6)docker-compose.yaml 编排

yaml 复制代码
version: '3'
services:
  hadoop-hdfs-nn:
    image: hadoop:v1
    user: "hadoop:hadoop"
    container_name: hadoop-hdfs-nn
    hostname: hadoop-hdfs-nn
    restart: always
    env_file:
      - .env
    ports:
      - "30070:${HADOOP_HDFS_NN_PORT}"
    command: ["sh","-c","/opt/apache/bootstrap.sh hadoop-hdfs-nn"]
    networks:
      - hadoop_network
    healthcheck:
      test: ["CMD-SHELL", "curl --fail http://localhost:${HADOOP_HDFS_NN_PORT} || exit 1"]
      interval: 10s
      timeout: 5s
      retries: 3
  hadoop-hdfs-dn-0:
    image: hadoop:v1
    user: "hadoop:hadoop"
    container_name: hadoop-hdfs-dn-0
    hostname: hadoop-hdfs-dn-0
    restart: always
    depends_on:
      - hadoop-hdfs-nn
    env_file:
      - .env
    ports:
      - "30864:${HADOOP_HDFS_DN_PORT}"
    command: ["sh","-c","/opt/apache/bootstrap.sh hadoop-hdfs-dn hadoop-hdfs-nn ${HADOOP_HDFS_NN_PORT}"]
    networks:
      - hadoop_network
    healthcheck:
      test: ["CMD-SHELL", "curl --fail http://localhost:${HADOOP_HDFS_DN_PORT} || exit 1"]
      interval: 10s
      timeout: 5s
      retries: 3
      # hadoop-hdfs-dn-1:
      #   image: hadoop:v1
      #   user: "hadoop:hadoop"
      #   container_name: hadoop-hdfs-dn-1
      #   hostname: hadoop-hdfs-dn-1
      #   restart: always
      #   depends_on:
      #     - hadoop-hdfs-nn
      #   env_file:
      #     - .env
      #   ports:
      #     - "30865:${HADOOP_HDFS_DN_PORT}"

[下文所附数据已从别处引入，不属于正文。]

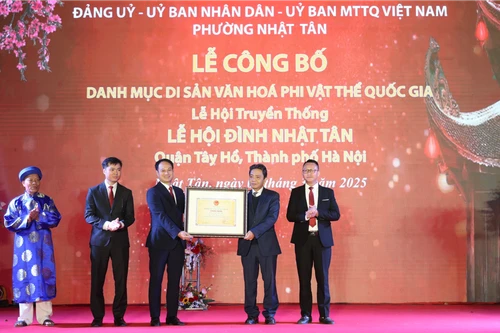  Lễ hội đình Nhật Tân là di sản văn hóa phi vật thể quốc gia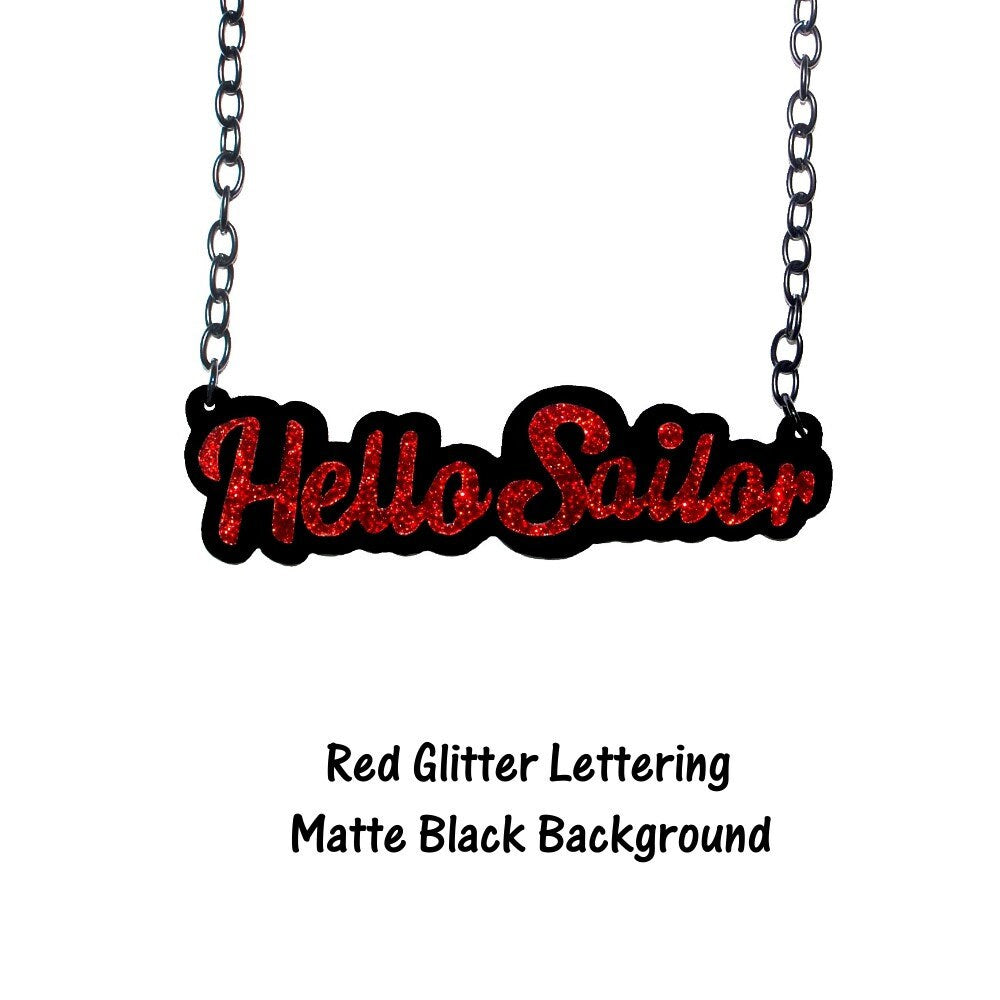 Hello Sailor Nautical Necklace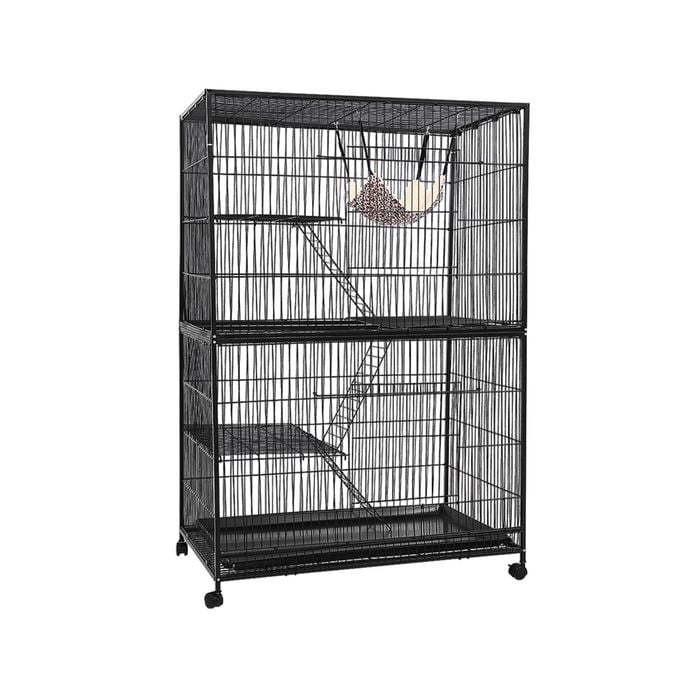 i.Pet Rabbit Cage 142cm Hutch 4 Level Bird Guinea Pig Ferret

      #   command: ["sh","-c","/opt/apache/bootstrap.sh hadoop-hdfs-dn hadoop-hdfs-nn ${HADOOP_HDFS_NN_PORT}"]
      #   networks:
      #     - hadoop_network
      #   healthcheck:
      #     test: ["CMD-SHELL", "curl --fail http://localhost:${HADOOP_HDFS_DN_PORT} || exit 1"]
      #     interval: 10s
      #     timeout: 5s
      #     retries: 3
      # hadoop-hdfs-dn-2:
      #   image: hadoop:v1
      #   user: "hadoop:hadoop"
      #   container_name: hadoop-hdfs-dn-2
      #   hostname: hadoop-hdfs-dn-2
      #   restart: always
      #   depends_on:
      #     - hadoop-hdfs-nn
      #   env_file:
      #     - .env
      #   ports:
      #     - "30866:${HADOOP_HDFS_DN_PORT}"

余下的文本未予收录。